Coming to terms with being gay is difficult enough, particularly as a teenager. For sixteen-year-old Jericho Jiles, whose devoutly Christian parents have brought him up to believe the Bible’s word is law, it’s an even greater struggle. During the course of the novel, as his attraction to the same sex becomes harder to ignore, he is forced to question not only his sexuality, but everything his family stands for and the religion he has lived by all his life.
Things are going well for Jerry. He has loving parents, a sweet girlfriend, and a spot on the school basketball team. If he and his best friend Mac have a habit of getting into scrapes, it’s never anything too serious. Then Dylan Cussler moves to Webster’s Glenn with his boyfriend, stirring up the conservative neighborhood with his campaigns for gay rights, and Jerry and Mac’s trouble-making takes a darker turn. Dylan’s unchristian ways don’t belong in their community. He must be taught a lesson, and the two boys plan to trash Dylan’s home, a plan that goes horribly awry when Dylan catches them in the act.

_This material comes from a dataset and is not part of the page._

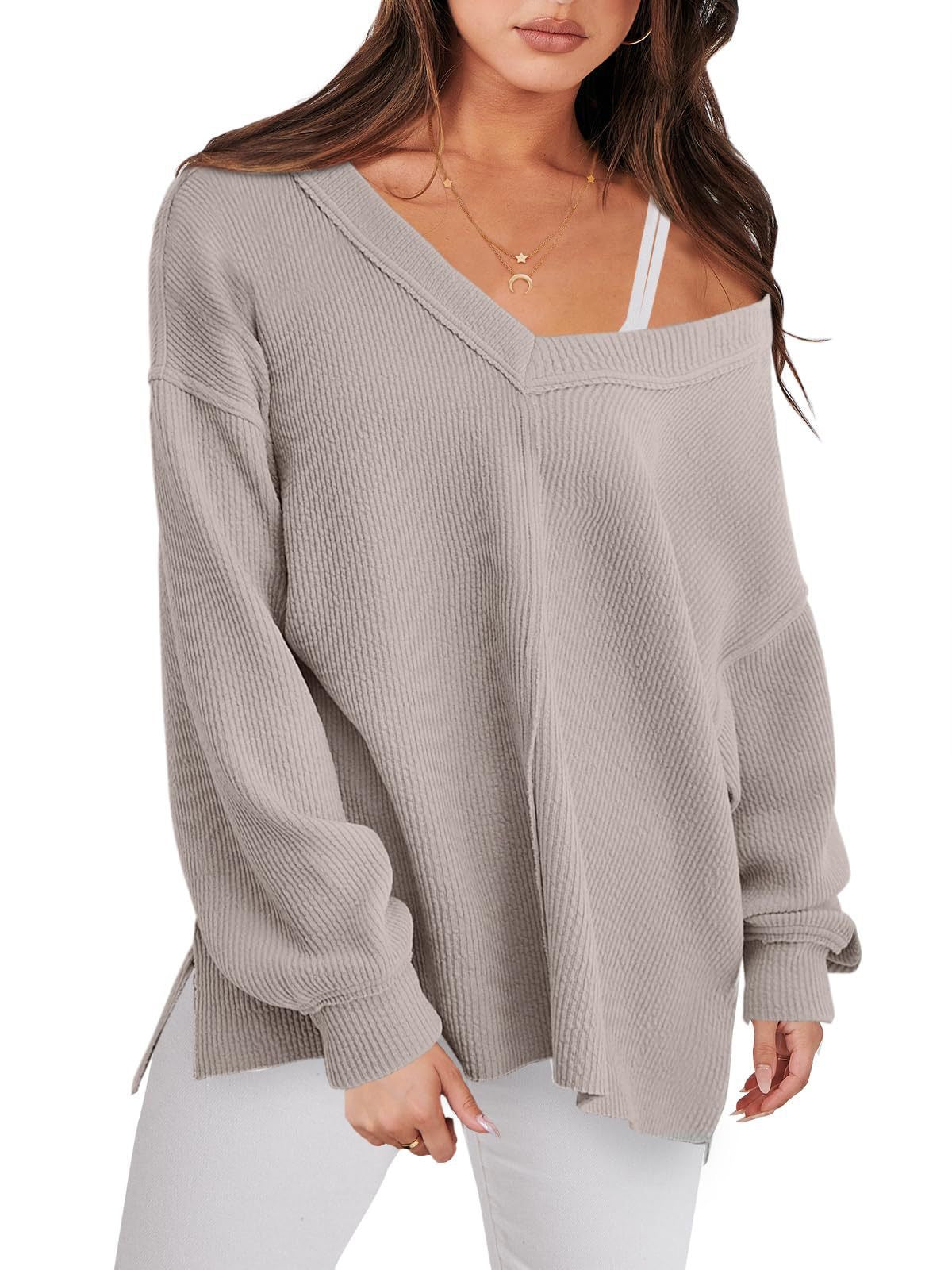 V-neck Casual Long Sleeve Ribbed Knit Side Slit Pullover Sweater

After fleeing the scene, Jerry is terrified the police will arrest him at any moment. When nothing happens, however, his fear gives way to shame, until he is compelled to return to Dylan’s house and apologize. Jerry certainly doesn’t expect Dylan’s forgiveness, or that talking to him will open the floodgates to his own doubts about himself and his feelings for his friend Hutch. But he isn’t allowed to feel this way; the Bible says so. As he swings between his growing love for Hutch and the security of his relationship with his girlfriend, Jerry is eaten up with guilt and confusion. Will he ever reconcile his religion with these new discoveries about his sexuality?
This is an authentic coming of age story that follows one boy’s journey to find himself. The author does a wonderful job of bringing across the opposing viewpoints, as well as showing Jerry’s hard-fought battle to reach his own conclusions. There’s no denying Jerry is a brilliant protagonist. He has his fair share of faults, and due to some of his actions, isn’t always easy to like. Yet, for all this, he has a good heart that made it impossible for me not to identify with him and his turmoil.
If you enjoy realistic teen novels featuring true-to-life characters, and are interested in the conflict that exists between homosexuality and religion, I can recommend this book.